Entre la víctima y el agresor «no existían buenas relaciones» desde que trascendió la infidelidad de la mujer de Diego con Germán. Llegaron a existir incluso «amenazas de muerte», pero nunca, a juicio de la magistrada, hicieron esperar a Germán la reacción del acusado, «siendo que por lo inesperado y rápido del ataque, este no tuvo capacidad de repelerlo».

El testimonio de la mujer

La pena impuesta era la misma que solicitaba la fiscalía. La defensa pedía cinco años de prisión. La acusación particular que ha ejercido la familia reclamaba 25. Según las fuentes judiciales consultadas, la defensa de Diego recurrirá la sentencia ante el Tribunal Superior de Justicia de Andalucía, Ceuta y Melilla (TSJA), que es el que se encarga de revisar los casos de jurado.

Los testimonios de los testigos han sido claves a la hora de 'reconstruir' lo que ocurrió aquel día.
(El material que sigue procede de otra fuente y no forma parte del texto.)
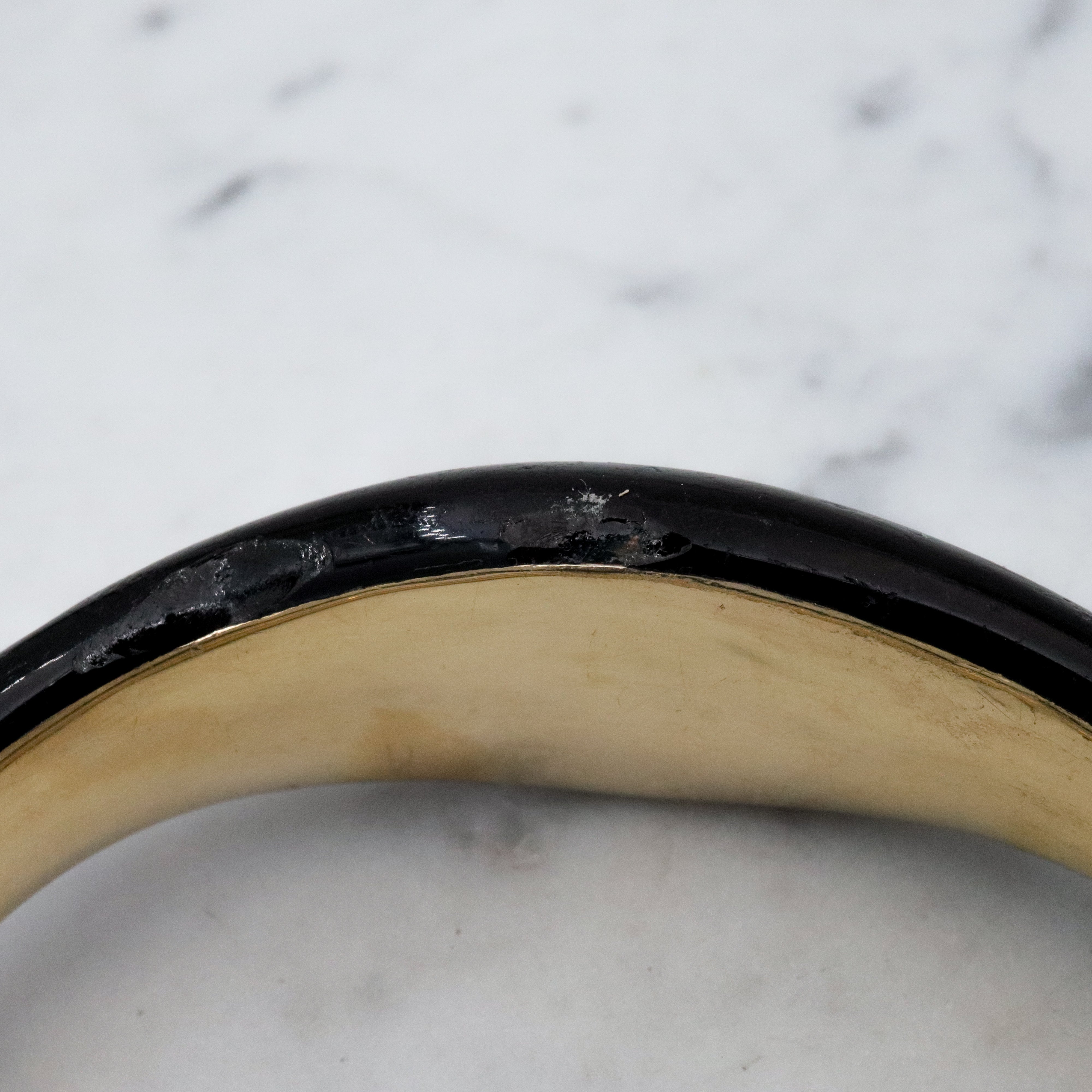 Antique Victorian 14k gold black enamel mourning bangle with rose cut diamonds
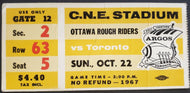 1967 C.N.E. Stadium Ottawa Rough Riders vs Toronto Argonauts CFL Football Ticket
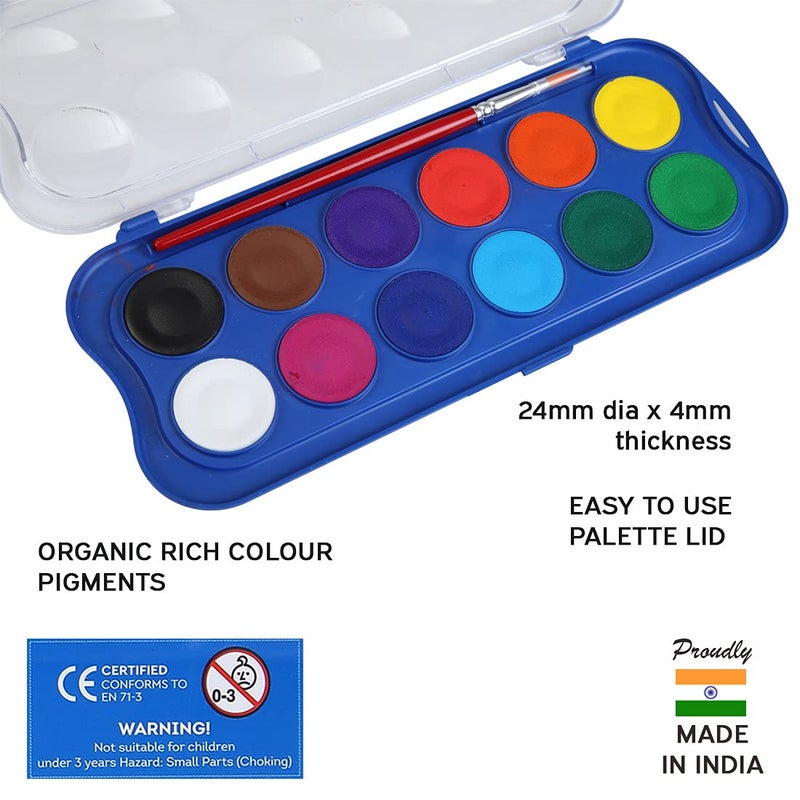 DOMS Non-Toxic 23mm Water Colour Cake Set with Paint Brush (12 Assorted Shades x 4 Set) (DM7427P4) - Image 4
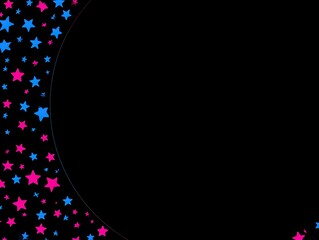Circular frame of pink and blue stars on black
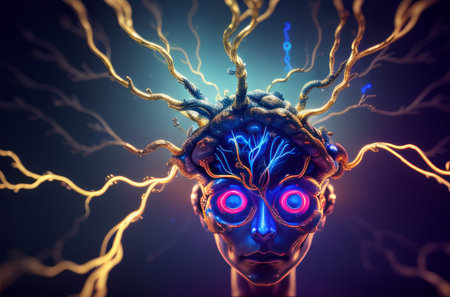 Future Mind Human and Artificial Intelligence Merge. oncept of man of the future associated with artificial intelligence Generative aiの素材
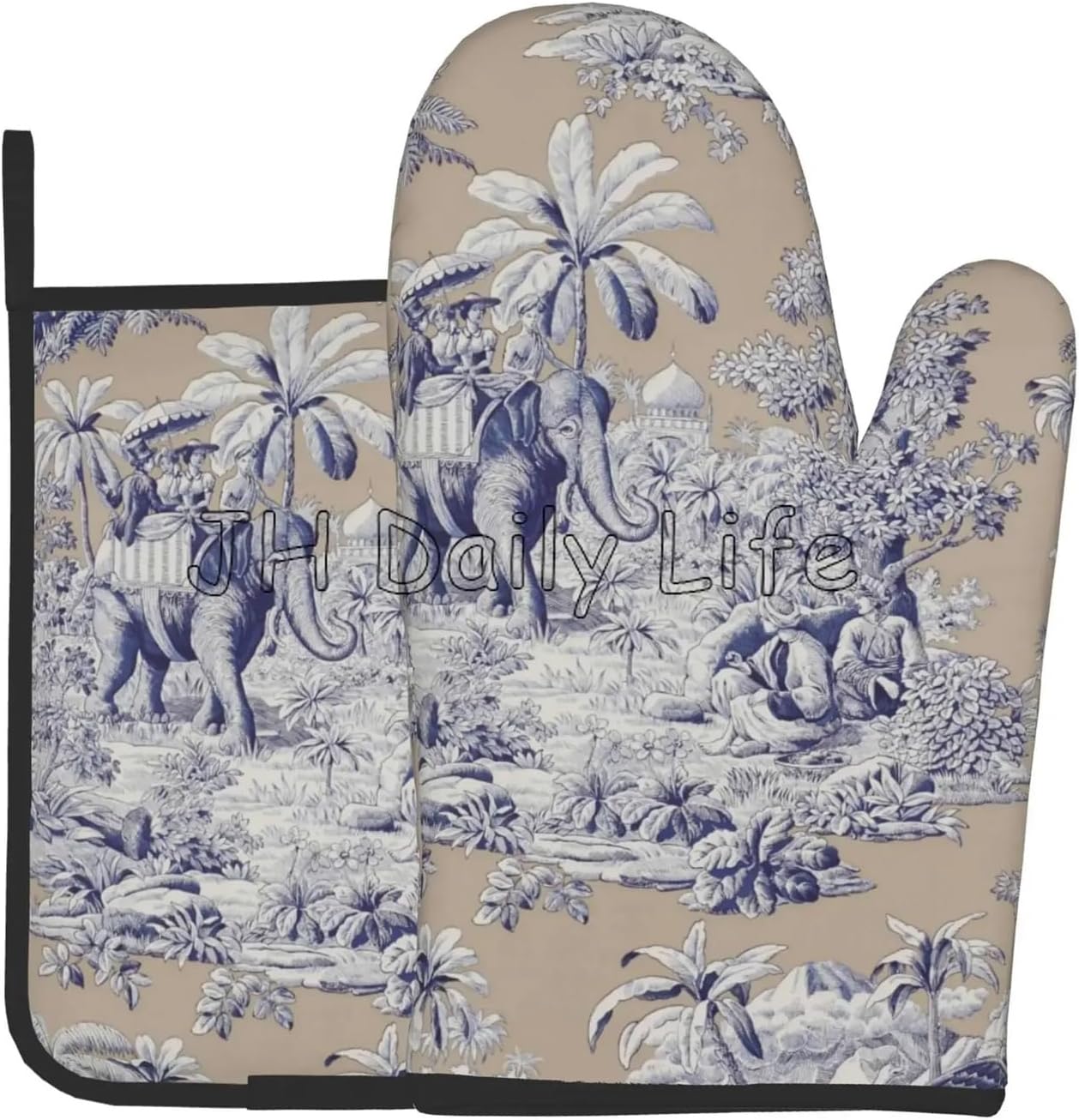 Navy Blue Motif Heat Oven Mitts and Pot Holders Sets Oven Gloves for BBQ Cooking Baking Grilling(3)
Uno de los principales lo prestó la entonces mujer del acusado, que admitió que si dijo ante la Policía que hubo una pelea fue porque Germán «le había dicho que dijera eso».

Diego, de 41 años, reconoció en el juicio haber dado una puñalada a Germán, pero apuntó a un supuesto forcejeo, durante el que aseguró que recibió «patadas y puñetazos» y la víctima le sacó una navaja. En ese momento, se le «nubló la cabeza» y «acabó dándole allí». Ciertamente, según se desprende de la resolución, la víctima llevaba encima una navaja, pero estaba «cerrada y en el bolsillo trasero de su pantalón». El cadáver de Germán, que falleció «casi de manera inmediata», tenía heridas incisas en los dedos de la mano izquierda, por lo que los forenses concluyeron que intentó «parar el golpe».